Growing up we heard and probably still do that life is short and to learn to appreciate all the little things because you will regret it if you don’t. I heard it so much that I would get angry when I heard it, and I retaliated by doing the exact opposite just to prove a point and I made a disaster of my life instead. I kick myself often because I would or should have done so many things different.

Through out that time I never really took much time to appreciate the many small things in life, I always focused on the goal driven tasks I gave myself and thats all I focused on. Unfortunately for me, I was money driven. I worked my self to death, with various jobs because without money, we wont make it vary far. I devoted myself to a company, was given several promotions, missed all birthdays and holidays, I gave it my everything and come to realize none of that work meant anything to those I did it for, so why do we do it?
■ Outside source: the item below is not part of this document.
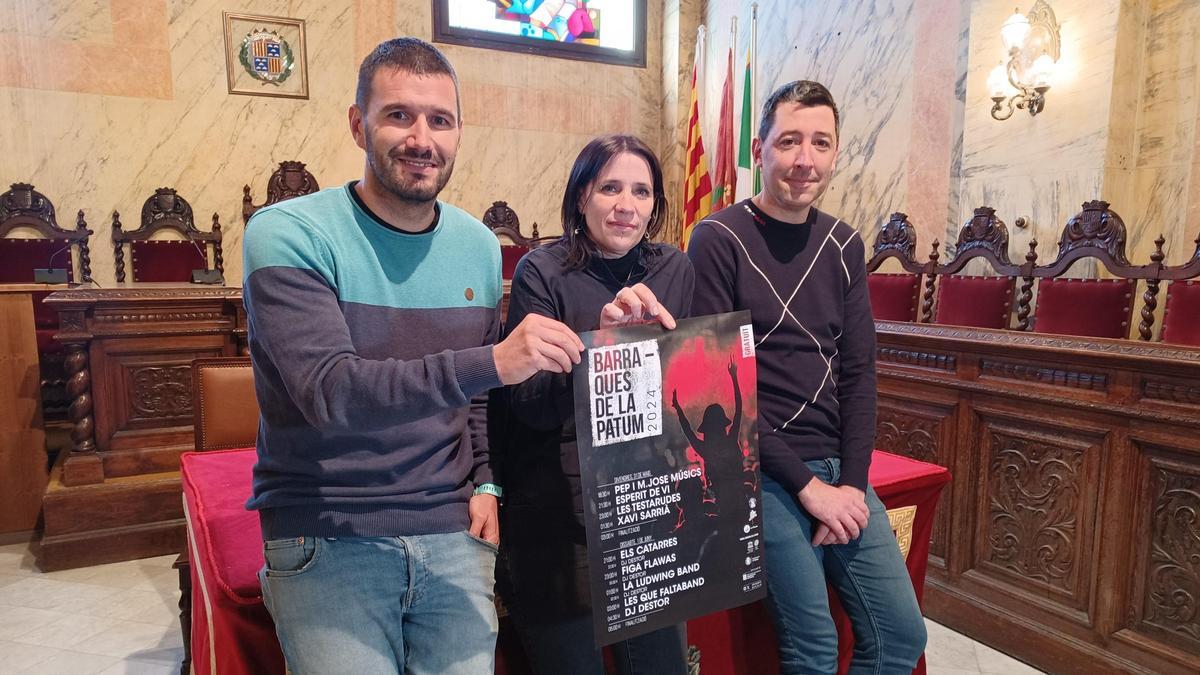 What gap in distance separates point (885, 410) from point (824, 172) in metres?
1.77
Back in 2018, I discovered a new love for life, I discovered what it was like to travel to various states, see various cultures and how people spend time, how different life was beyond Wisconsin. If you have never traveled beyond your home state, the first time that you do, you just want to see everything because it is so beautiful, and different. I fell in love with the open road and its unknown paths, and now its all I think about.

In four years, my wife and I have managed to travel to roughly 35 states, seen some gorgous places, discovered so much and I just want more. I have never felt so high on life before hitting the road, the feelings are intoxicating and very, very addicting.
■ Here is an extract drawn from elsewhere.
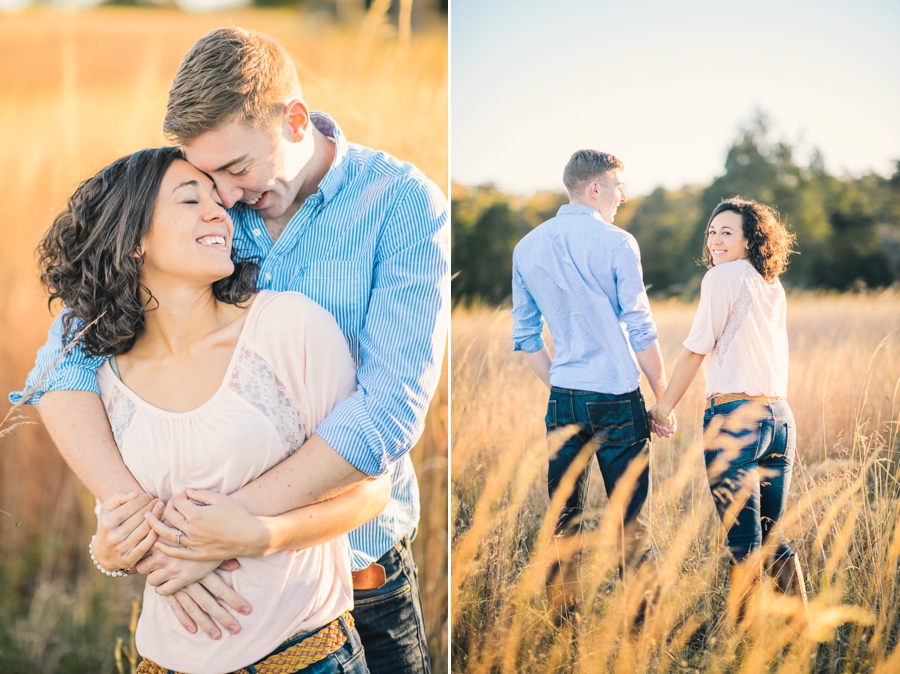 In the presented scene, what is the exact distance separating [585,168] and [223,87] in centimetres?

It was during this time that I realized that I needed to make some much needed adjustments in my life, it opened my eyes and it really was my own self theropy. While these last four years have not been the easiest by any means, I am extremely grateful for the experiences because I really needed to make these self discoveries, I really needed to figure out just was the heck I wanted to do with myself and now I know. I just need to put in a little more time.

My main point in all of this is that with how nasty our world is getting, how much struggle and pain we all are going through, we can do it, and if you are willing to fight hard like I am, you can do it. I would like to buy a small camper and travel, meet people, share my life with them, listen to them and just simply enjoy all that life has to offer, because at the end of the day, we all end up in the same location. Why not enjoy the ride, why make it so complicating. If there is something you want to do or gain out of life, don’t think about it, figure out what it is you gotta do and do it, if you need a hand, I will help guide you! Value your life and do what makes you happy, because otherwise you will end up like me and regret that you didnt.